The Moto2 class is to remain a single make engine class though, with engines managed and supplied by the series organizer.
The announcement comes as a result of Honda’s CBR600 powerplant, which has powered the Moto2 bikes since the inception of the class, reaches the end of its service life.
The engines are virtually unchanged since their introduction in 2010, and Honda cannot guarantee the supply of spares for the engines beyond the current contract, which ends after the 2018 season.
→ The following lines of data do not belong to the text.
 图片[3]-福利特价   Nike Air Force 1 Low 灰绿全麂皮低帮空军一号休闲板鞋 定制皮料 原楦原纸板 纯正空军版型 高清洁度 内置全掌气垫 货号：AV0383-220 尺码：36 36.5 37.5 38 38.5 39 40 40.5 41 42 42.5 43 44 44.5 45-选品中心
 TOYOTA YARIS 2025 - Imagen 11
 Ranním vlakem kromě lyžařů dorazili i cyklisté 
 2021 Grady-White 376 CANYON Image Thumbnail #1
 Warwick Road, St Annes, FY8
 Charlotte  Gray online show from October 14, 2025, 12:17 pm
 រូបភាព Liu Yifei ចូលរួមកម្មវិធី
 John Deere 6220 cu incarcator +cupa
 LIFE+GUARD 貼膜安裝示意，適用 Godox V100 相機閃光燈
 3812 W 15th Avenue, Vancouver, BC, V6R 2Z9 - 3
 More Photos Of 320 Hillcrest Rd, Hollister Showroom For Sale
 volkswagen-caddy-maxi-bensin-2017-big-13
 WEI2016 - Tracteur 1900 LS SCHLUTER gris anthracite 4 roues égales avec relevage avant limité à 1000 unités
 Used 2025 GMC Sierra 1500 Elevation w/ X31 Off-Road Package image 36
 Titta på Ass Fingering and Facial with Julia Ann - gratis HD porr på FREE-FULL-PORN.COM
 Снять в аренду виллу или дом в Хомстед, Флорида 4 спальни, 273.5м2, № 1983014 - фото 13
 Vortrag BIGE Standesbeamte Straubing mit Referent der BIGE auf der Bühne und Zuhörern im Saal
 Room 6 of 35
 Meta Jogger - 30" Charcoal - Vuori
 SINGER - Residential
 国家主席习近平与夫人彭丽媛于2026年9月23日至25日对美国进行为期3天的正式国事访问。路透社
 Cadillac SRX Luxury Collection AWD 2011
A replacement will be needed, whether it comes from Honda or from another manufacturer.
The first stage of the new process will be to consult with manufacturers on the basics of the class, while retaining the cornerstones of the Moto2 class: affordability, reliability, and a level playing field.
Unfortunately, that is likely to rule out small, specialist engine builders, as Dorna and IRTA (who represent the Moto2 teams) will want to ensure the long-term (6+ years) supply of engines.
Switching engine suppliers once, at the end of 2018, will be traumatic, as it will mean having to throw away all of their old chassis, and start to build up experience with the new bikes almost from scratch.
What they will not want to do is to have to switch again after two or three years, as that would then send costs through the roof. Once the consultation process is complete, then the contract will be formally put out to tender, and open to bids from interested manufacturers.
So who might those manufacturers be? Certainly, the major Japanese manufacturers engaged in MotoGP would be interested. Both Honda and Yamaha submitted bids for the initial contract, for the start of the 2010 season, with Honda eventually getting the contract.
But Suzuki and even Kawasaki could equally be interested, given that they have 600cc sports bikes which could supply suitable engines.
KTM has previously expressed an interest, especially in build 500cc twins using the same 81mm bore as a Moto3 and MotoGP bike. That engine would basically be twice a Moto3 bike and half a MotoGP engine. However, the Austrian engine maker has always said they are only interested if there was engine competition, and that will not happen.
Losing Honda will upset the teams. The Moto2 class has proven to be extremely popular with the teams, as it is an extremely affordable class. A team can obtain a chassis, engine, and a brake and suspension supply for a full season for well under €200,000.
A bike in Moto3 costs between €300,000 and €500,000 per season, depending on the manufacturer (and despite the cost cap in place). The teams all have a vast amount of data and experience with the chassis, and all this will be lost when Honda goes.